* DATA PROVIDED
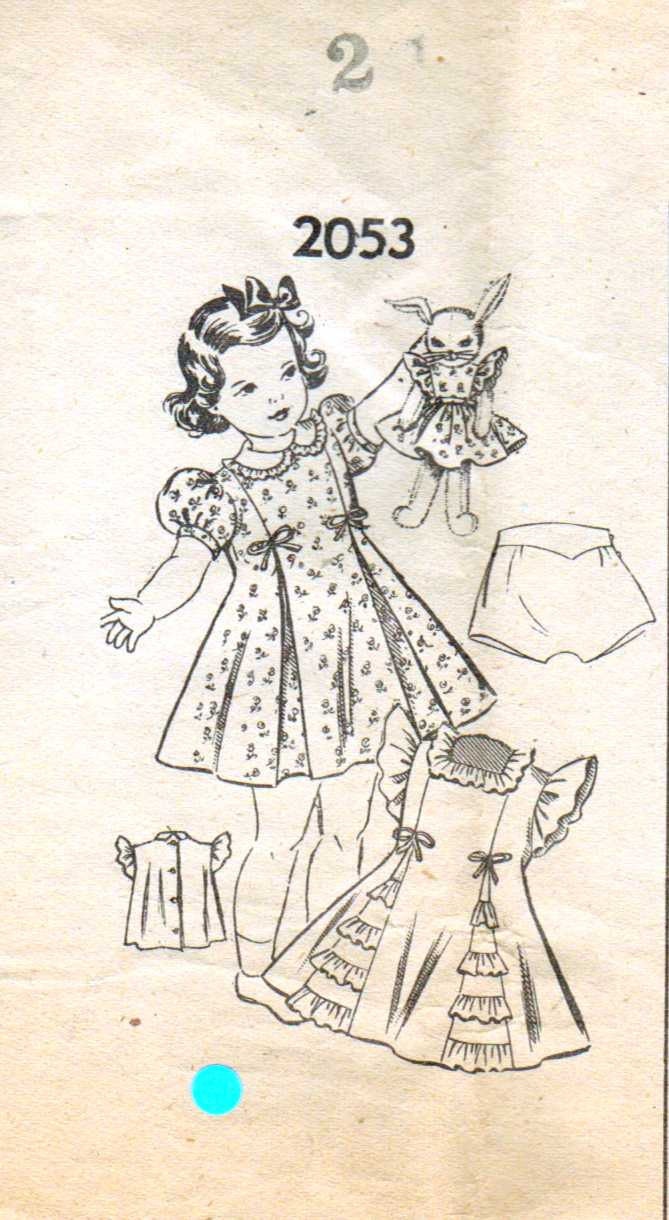 Vintage 50's Back Button Party Dress Ruffle Insets Matching Bloomers Size 2 Mail Order 2053
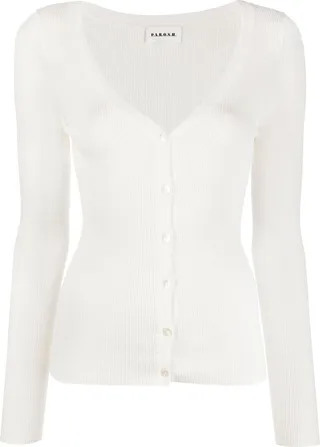 V-neck knitted cardigan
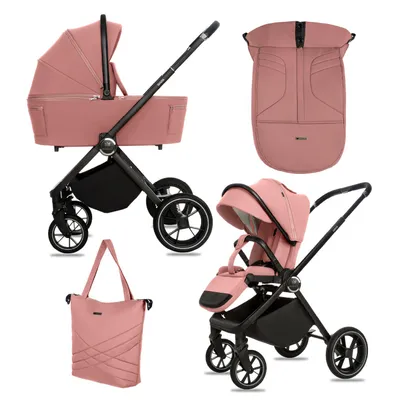 Produktbild von BabyLux® Kinderwagen 2in1 GAVIA, Faltbar Leicht Kombikinderwagen Set incl. Babywanne, Buggy Sportsitz, Wickeltasche und mehr Zubehör, 4 Liegepositionen, 0-22kg (0-4 Jahre), UV Schutz 50+. Belüftung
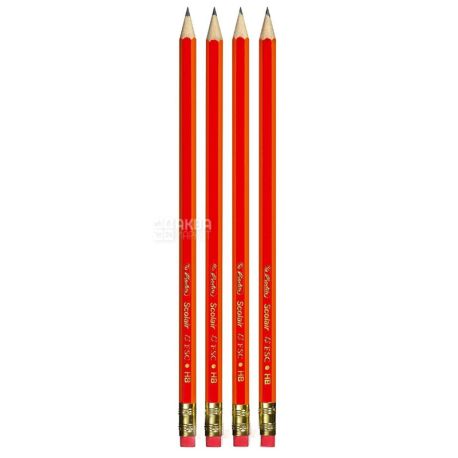 Herlitz Scolair, НВ, Карандаши чернографитные, 4 шт.
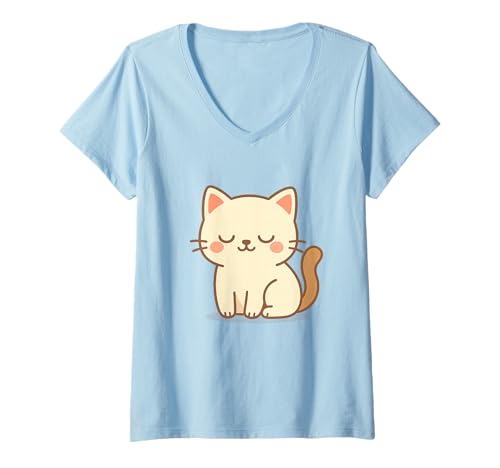 Damen Sleepy Kawaii Cat Illustration. Niedliche Tierkunst. T-Shirt mit V-Ausschnitt von Cute Animal by Lumi Art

* BRIEF
With the pictures removed, the entries above should be transcribed exactly.

* EXERCISE OUTPUT
 Vintage 50's Back Button Party Dress Ruffle Insets Matching Bloomers Size 2 Mail Order 2053
 V-neck knitted cardigan
 Produktbild von BabyLux® Kinderwagen 2in1 GAVIA, Faltbar Leicht Kombikinderwagen Set incl. Babywanne, Buggy Sportsitz, Wickeltasche und mehr Zubehör, 4 Liegepositionen, 0-22kg (0-4 Jahre), UV Schutz 50+. Belüftung
 Herlitz Scolair, НВ, Карандаши чернографитные, 4 шт.
 Damen Sleepy Kawaii Cat Illustration. Niedliche Tierkunst. T-Shirt mit V-Ausschnitt von Cute Animal by Lumi Art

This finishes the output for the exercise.